The LAC held that it was clear that the overall assessment of whether a business transferred “seamlessly” depends on examining the totality of the business operated by Rural before the transfer and that the test so applied was also in accordance with the test applied in terms of the TUPE Regulations.

The LAC overturned the Labour Court’s decision and held that a significant component of the overall business was not retransferred by Rural to the Municipality and that as a result not enough transferred to the Municipality and the business conducted by Rural had not been transferred to the Municipality. The transfer of components did not result in a seamless transfer of the business.

Rural approached the CC and presented three main arguments in support of its application for leave to appeal the LAC judgment.

The first was that the LAC adopted a new and thus wrong test to determine if there had been a transfer of the business. It argued that the LAC when referring to a transfer that must be “seamless” thereby introduced a new test, that of a seamless transfer.

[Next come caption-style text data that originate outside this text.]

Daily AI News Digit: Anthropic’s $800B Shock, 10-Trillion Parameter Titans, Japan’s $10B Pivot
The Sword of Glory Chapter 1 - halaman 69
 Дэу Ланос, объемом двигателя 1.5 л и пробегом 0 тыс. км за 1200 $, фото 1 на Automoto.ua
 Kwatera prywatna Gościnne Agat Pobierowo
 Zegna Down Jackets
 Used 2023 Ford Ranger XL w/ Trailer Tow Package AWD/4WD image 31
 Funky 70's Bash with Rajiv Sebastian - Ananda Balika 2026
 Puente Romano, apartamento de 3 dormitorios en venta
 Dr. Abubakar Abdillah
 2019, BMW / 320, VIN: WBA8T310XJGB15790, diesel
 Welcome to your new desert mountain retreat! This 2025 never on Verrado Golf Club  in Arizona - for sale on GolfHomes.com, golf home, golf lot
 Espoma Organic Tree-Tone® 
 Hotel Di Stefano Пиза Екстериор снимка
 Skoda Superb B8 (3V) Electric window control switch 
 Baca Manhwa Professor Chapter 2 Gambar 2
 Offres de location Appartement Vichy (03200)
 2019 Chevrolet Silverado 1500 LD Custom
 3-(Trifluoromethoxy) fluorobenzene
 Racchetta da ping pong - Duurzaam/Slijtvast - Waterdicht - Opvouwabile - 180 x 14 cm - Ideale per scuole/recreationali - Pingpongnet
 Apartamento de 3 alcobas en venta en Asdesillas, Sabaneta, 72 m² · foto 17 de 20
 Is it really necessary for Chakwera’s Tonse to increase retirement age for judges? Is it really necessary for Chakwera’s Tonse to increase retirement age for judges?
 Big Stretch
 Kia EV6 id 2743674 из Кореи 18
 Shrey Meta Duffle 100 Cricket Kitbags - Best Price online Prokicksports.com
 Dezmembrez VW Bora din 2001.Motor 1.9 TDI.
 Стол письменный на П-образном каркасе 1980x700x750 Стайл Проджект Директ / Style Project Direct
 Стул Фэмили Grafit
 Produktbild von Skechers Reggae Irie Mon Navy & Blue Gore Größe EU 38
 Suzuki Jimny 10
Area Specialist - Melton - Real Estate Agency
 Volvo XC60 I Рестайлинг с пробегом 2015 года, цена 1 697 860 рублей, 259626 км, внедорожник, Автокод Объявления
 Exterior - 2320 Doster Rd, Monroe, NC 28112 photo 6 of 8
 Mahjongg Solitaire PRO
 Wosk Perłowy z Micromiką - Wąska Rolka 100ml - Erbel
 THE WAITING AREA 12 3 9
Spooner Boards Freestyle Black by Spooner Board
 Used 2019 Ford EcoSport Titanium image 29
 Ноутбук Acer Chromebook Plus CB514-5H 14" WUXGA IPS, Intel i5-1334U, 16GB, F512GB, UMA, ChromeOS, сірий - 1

The CC rejected this argument stating that it was clear that the LAC applied the test enumerated previously by the LAC and the CC. The test is that the court must make an overall assessment of the business to determine whether it transferred as a going concern. The CC held that the reference to a seamless transfer was within the context of the LAC applying the correct test.

The second argument was that the LAC made a wrong finding on the facts when finding that the components withheld were vital for the business to transfer. The LAC on the facts resolved that the components were vital to the running of the business. The CC was unimpressed with the argument and held that the LAC correctly interpreted the facts.

The third argument was that “local and international developments in relation to so-called ‘service provision changes’ as opposed to standard transfer of business, necessitated the reformulation or development of our law”.

The LAC was referred to these developments in the UK law known as the TUPE Regulations in terms of which a distinction was drawn between a business and a service. The CC was urged to have regard to those developments to develop South African law. The CC firmly rejected this argument for the following reasons:

  • Some concepts used in TUPE are foreign to the wording of s197 of the LRA and s197 already refers to a “service”. There is no need to look any further.
  • While it is useful to refer to comparative foreign law instruments and judgments it must be with due regard to differences in language and concepts.
  • The TUPE amendments introducing special considerations relating to the transfer of a service had already been introduced before and not after the amendment to s197 to make provision in s197 for the transfer of a service. Section 197 thus adequately caters for transfers of a service. The CC again emphasised that it was the business rendering the service that must be the subject of the transfer.

Rural’s application for leave to appeal was refused by the CC with costs. Rural did not transfer enough of its business to constitute a transfer of a business as a going concern.